“No! Non avrebbe mai vinto nulla! Sono felice non sia in competizione!”. Incontriamo Richard Linklater sul roof top di un albergo del Lido da cui si scorge il campanile di Piazza San Marco. La reazione della stampa al suo Hit Man presentato fuori concorso a Venezia 80 è stata calorosa e unanime. E più di un giornalista si è domandato perché il film – ispirato a una storia vera e a un articolo scritto vent’anni da Skip Hollandsworth su Texas Monthly – non abbia trovato un posto tra i film in gara per il Leone d’oro.
Ma lui, sebbene lusingato, cerca di sminuire. “Non mi piacciono le competizioni”. C’è vento ma una tettoia elettrica ci ripara dal sole. Almeno fino a quando non si richiude, con nostra sorpresa, automaticamente. “Non sarà una buona soluzione a lungo termine”, scoppia a ridere il regista di Boyhood. Jeans scuri e camicia nera, taglio da cowboy texano. Ma all’altezza delle clavicole impossibile non notare il ricamo della testa di due gatti speculari dai cui occhi si sprigionano fasci di luce verde.

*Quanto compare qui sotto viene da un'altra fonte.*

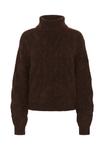 Джемпер Culture CUKIMMY ROLLNECK, Bitter Chocolate Melange/Dark Brown - фото 5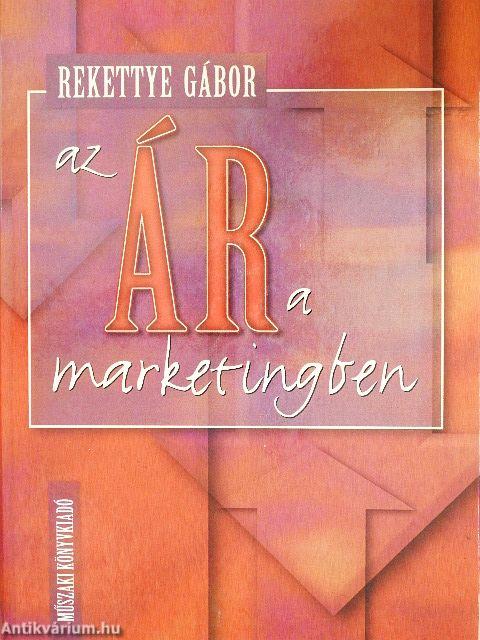 Az ár a marketingben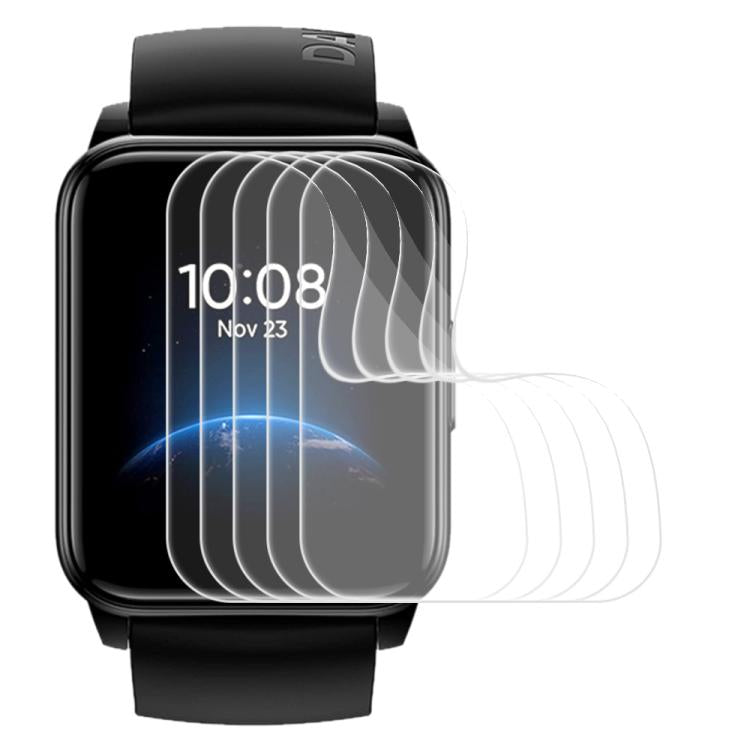 5pcs xDfind Soft Hydrogel Film Full Cover Watch Front Protector, For Realme Watch 2, For Realme Watch 2 Pro, For Realme Watch S, For Realme Watch S Pro, For Realme Watch T1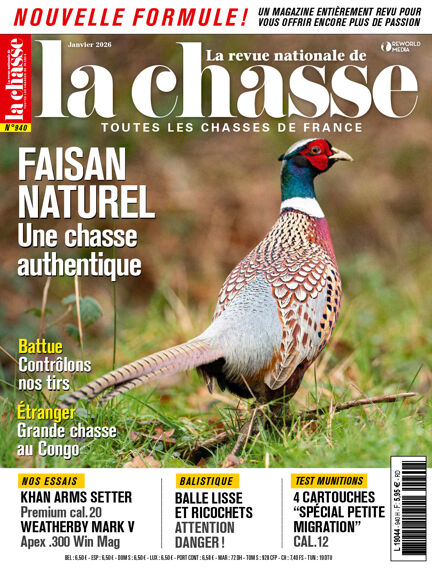 La Revue Nationale de la Chasse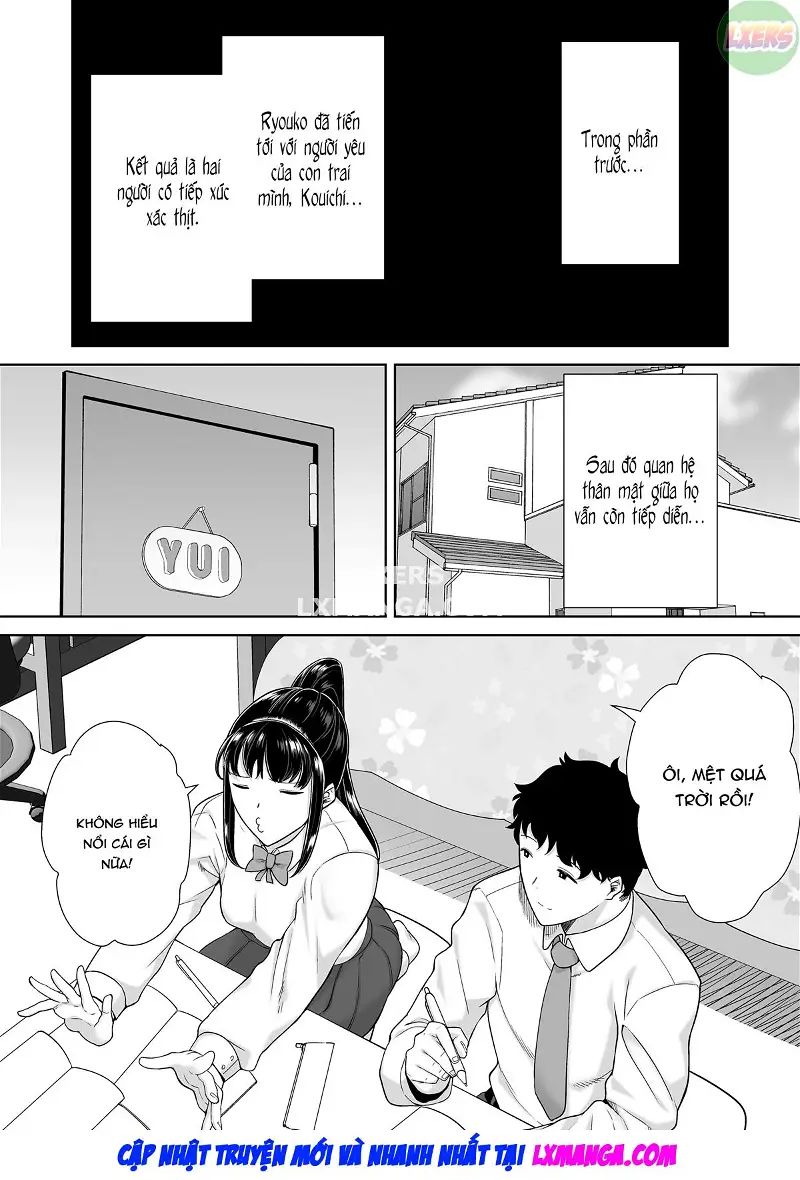 bị mẹ bạn gái làm thịt chapter 2 2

Un outfit che rimanda a un particolare del film. Il protagonista di Hit Man, Gary – un gigantesco Glen Powell anche co-sceneggiatore della pellicola – è un professore di filosofia. L’unica presenza fissa in una vita piatta sono proprio due gatti, Es ed Ego. Come lavoro part-time collabora con la polizia sotto copertura fingendosi un sicario. È il migliore in circolazione. Almeno fino a quando non incontra Maddy (una splendida Adria Arjona), decisa a far uccidere il marito violento. Ma nulla va secondo i piani e i due iniziano una relazione. Solo che lei non ha idea che l’uomo affascinante che uccide per vivere sia in realtà solo un timido insegnante…
Noir, commedia, thriller, dramma psicologico. Tantissimi generi diversi. Come li ha gestiti insieme a Glen Powell in fase di scrittura?

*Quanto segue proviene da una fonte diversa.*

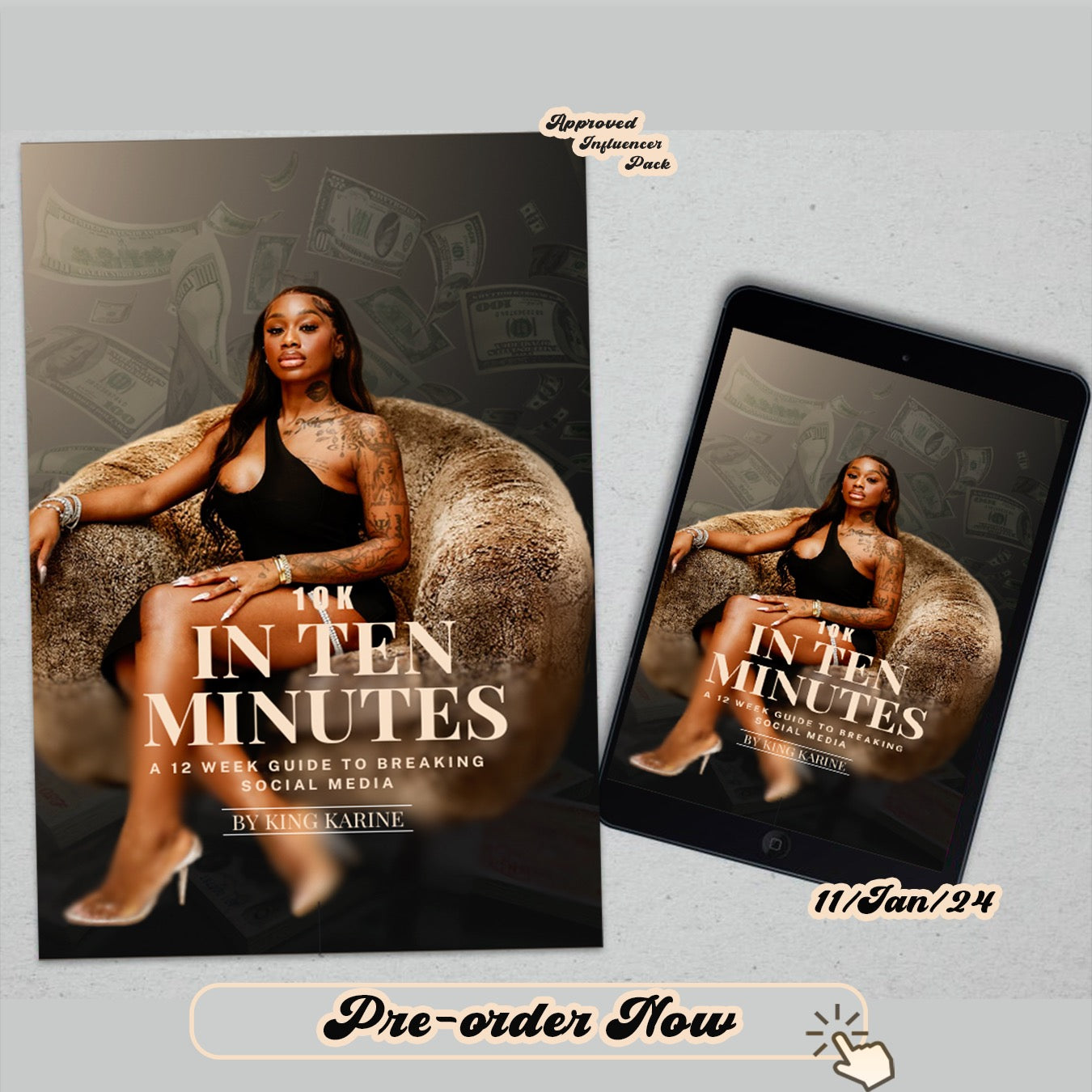 10K in 10 Minutes- EBOOK Was 79.99 NOW 29.99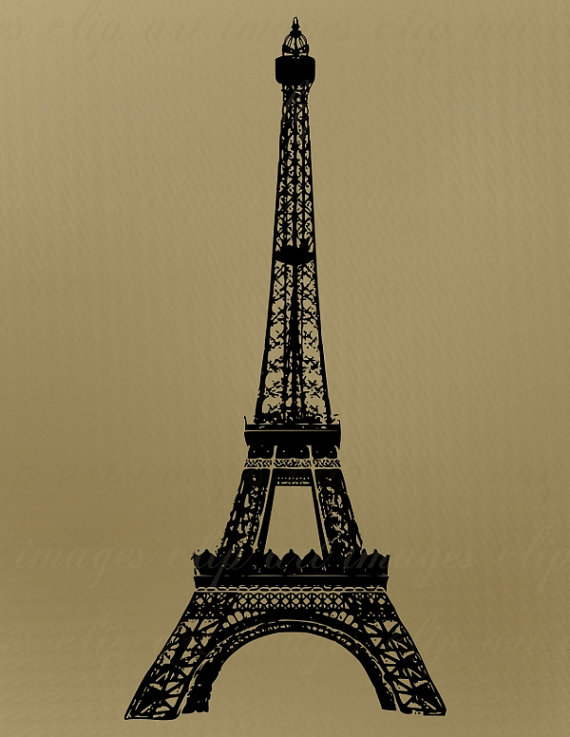Eiffel tower nopyright free clip art toublanc info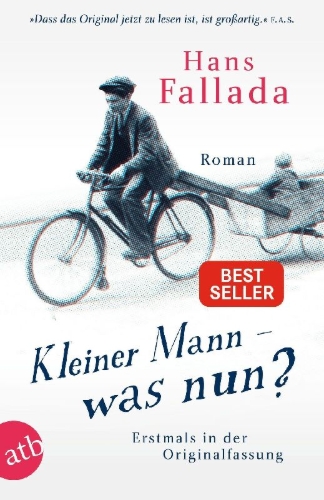 Buchcover und Innenansicht für das Buch: Kleiner Mann - was nun?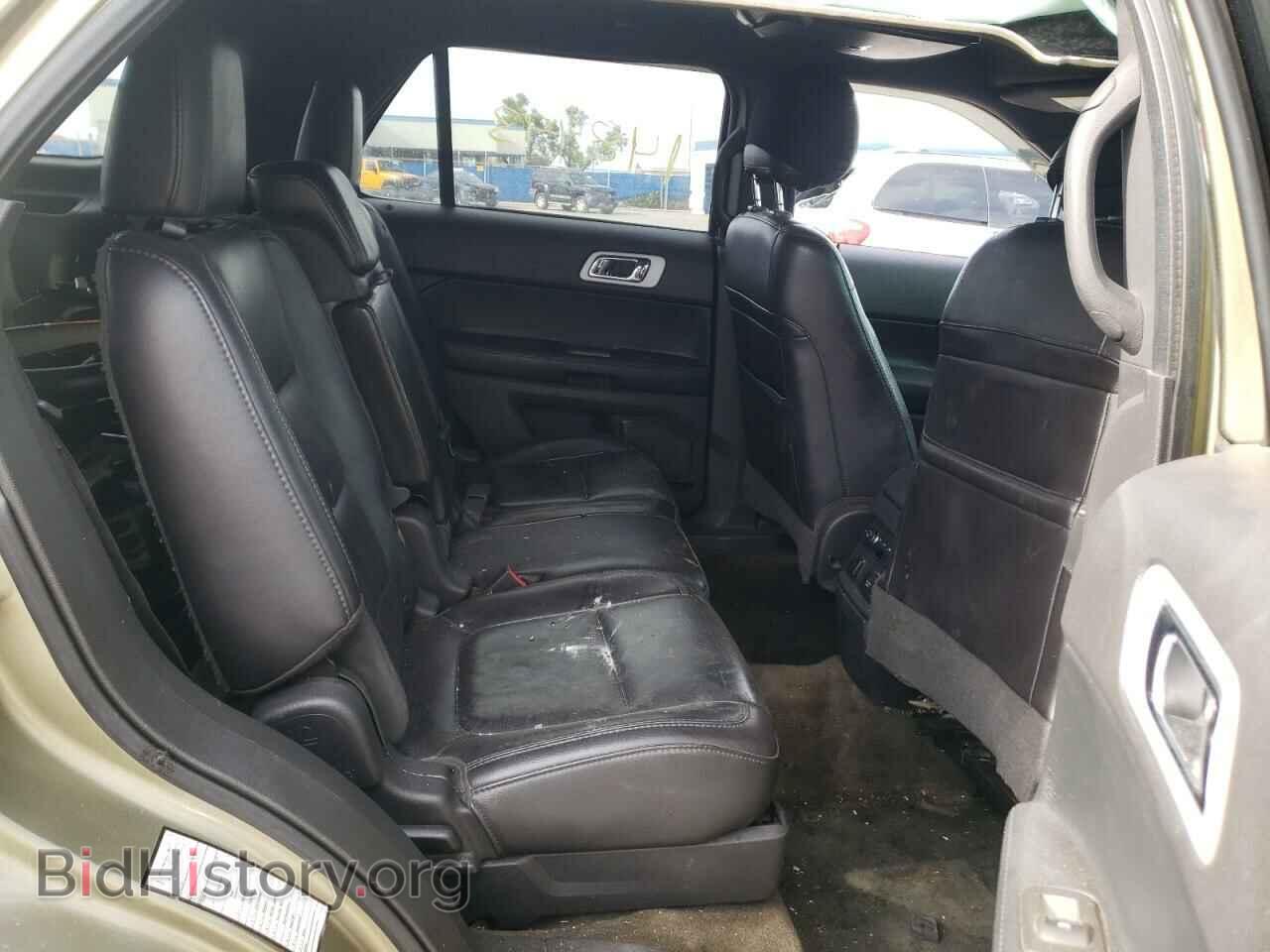 2013 FORD EXPLORER - VIN: 1FM5K8F81DGC16668 - Фото 6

La storia di Gary Johnson e tutta la sottotrama sottostante ci ha ossessionati. Un insegnante dal temperamento mite che si finge sicario. Ma alla lunga era un po’ ripetitiva. Lui che fa arrestare una persona dopo l’altra. Solo che, ad un certo punto, decide di lasciare andare una giovane donna che l’aveva ingaggiato. Così ci siamo domandati: “Se lei lo richiamasse per invitarlo ad uscire?”. Ed è così che rimane intrappolato in quel personaggio che aveva creato. Siamo partiti sia dal romanticismo che dal noir. Li abbiamo mischiati e, in un certo senso, sovvertiti.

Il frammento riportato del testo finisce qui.